Tobie, étant rentré, raconta tout ceci à son père, lequel remercia le bon Dieu de cette heureuse rencontre, et dit à son fils de prier ce jeune homme d’entrer. L’Ange, étant entré, salua le vieux Tobie, et dit : « Que la joie soit toujours avec vous. » Tobie répondit : « Quelle joie puis-je avoir, moi qui suis toujours dans les ténèbres et qui ne vois pas la lumière du ciel ? »

Le jeune homme lui dit : « Ayez bon courage, le temps approche auquel Dieu doit vous guérir. » Tobie ne répondit pas à cette parole qu’il crut être une parole de bienveillante politesse, mais il lui dit : « Pourrez-vous mener mon fils chez Gabélus, en la ville de Ragès, au pays des Mèdes ? Quand vous serez de retour, je vous donnerai ce qui vous sera dû pour votre peine. »

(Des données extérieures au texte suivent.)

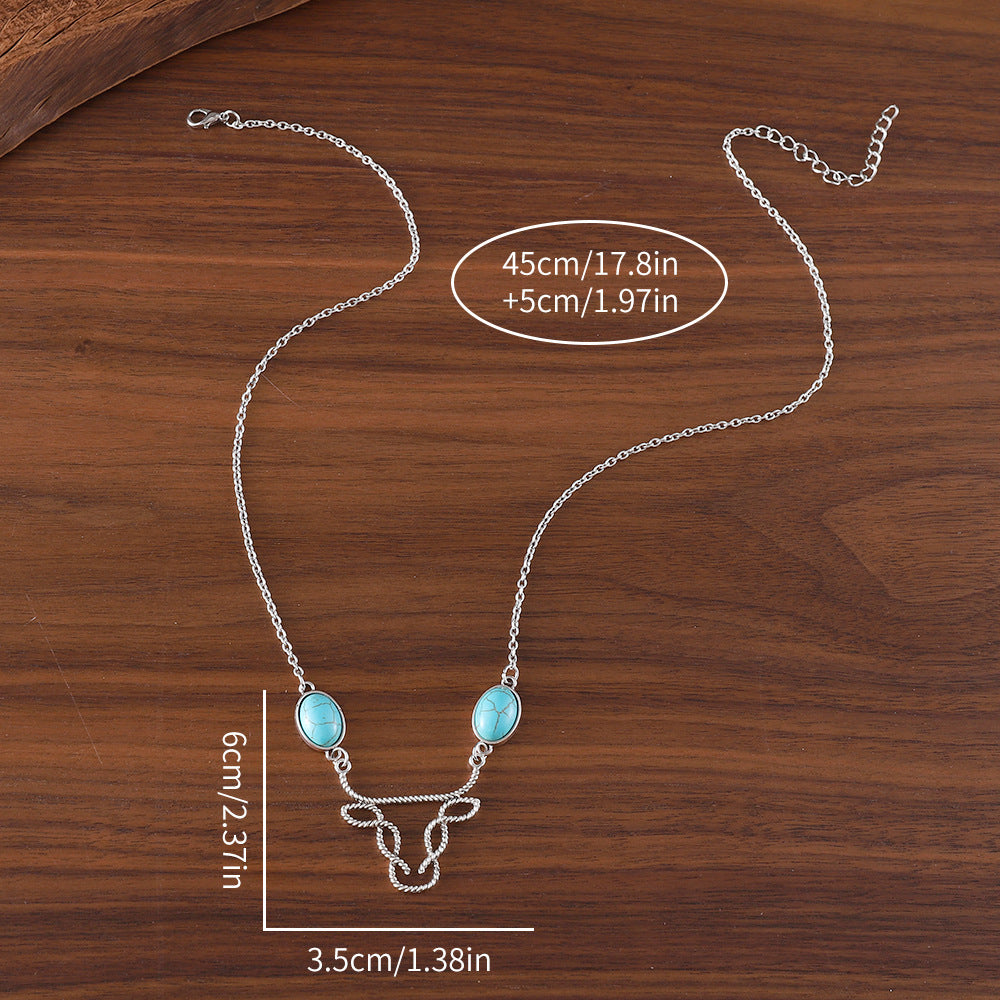 Wholesale inlaid turquoise cow head necklace Bohemian hollow  jewelry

L’Ange lui répondit : « Je mènerai votre fils, et je le ramènerai.

— Dites-moi, je vous prie, reprit Tobie, de quelle famille et de quelle tribu êtes-vous ? »

L’Ange Raphaël lui répondit : « De peur que je ne vous donne de l’inquiétude, je suis Azarias, fils du grand Ananias. »

Armand. Qui était ce grand Ananias ?

Grand’mère. C’était un des trois jeunes gens qui ont été jetés dans une fournaise ardente par le roi Nabuchodonosor ; mais vous ne connaissez pas encore cette histoire ; je vous la raconterai plus tard avec celle du prophète Daniel.

Henri. Mais, Grand’mère, n’était-ce pas un mensonge ? L’Ange Raphaël ne s’appelait pas Azarias.

Grand’mère. C’est vrai ; mais, comme il avait pris l’apparence et la figure du jeune Azarias, il pouvait et il devait même porter également son nom.

Tobie répondit à l’Ange : « Vous êtes d’une race illustre ; je vous supplie de ne point vous fâcher, si, à cause de mon fils, j’ai désiré connaître votre nom. » L’Ange dit une seconde fois : « Je mènerai votre fils en bonne santé et je vous le ramènerai de même. — Que votre voyage soit heureux ! reprit le vieux Tobie. Que Dieu soit avec vous dans votre chemin, et que son Ange vous accompagne ! »

Alors, ayant préparé ce qui était nécessaire pour leur voyage, Tobie dit adieu à son père et à sa mère, et ils se mirent tous deux en route.

Aussitôt qu’ils furent partis, la mère commença à pleurer et à dire à son mari : « Vous nous avez enlevé le bonheur de notre vieillesse ; vous l’avez éloigné de nous. Plût à Dieu que cet argent pour lequel vous l’avez envoyé n’eût jamais existé ! Le peu que nous avons nous suffisait, et ce nous était une grande richesse que de voir notre fils avec nous. »

Tobie lui répondit : « Ne pleure pas ; notre fils arrivera là-bas sain et sauf, et il reviendra aussi vers nous en bonne santé ; tes yeux le reverront encore, car je crois que l’Ange du Seigneur l’accompagne, qu’il dirige tout ce qui le regarde, et qu’ainsi il reviendra vers nous plein de joie. » À ces paroles, la mère cessa de pleurer, et elle ne fit plus de reproches à son mari.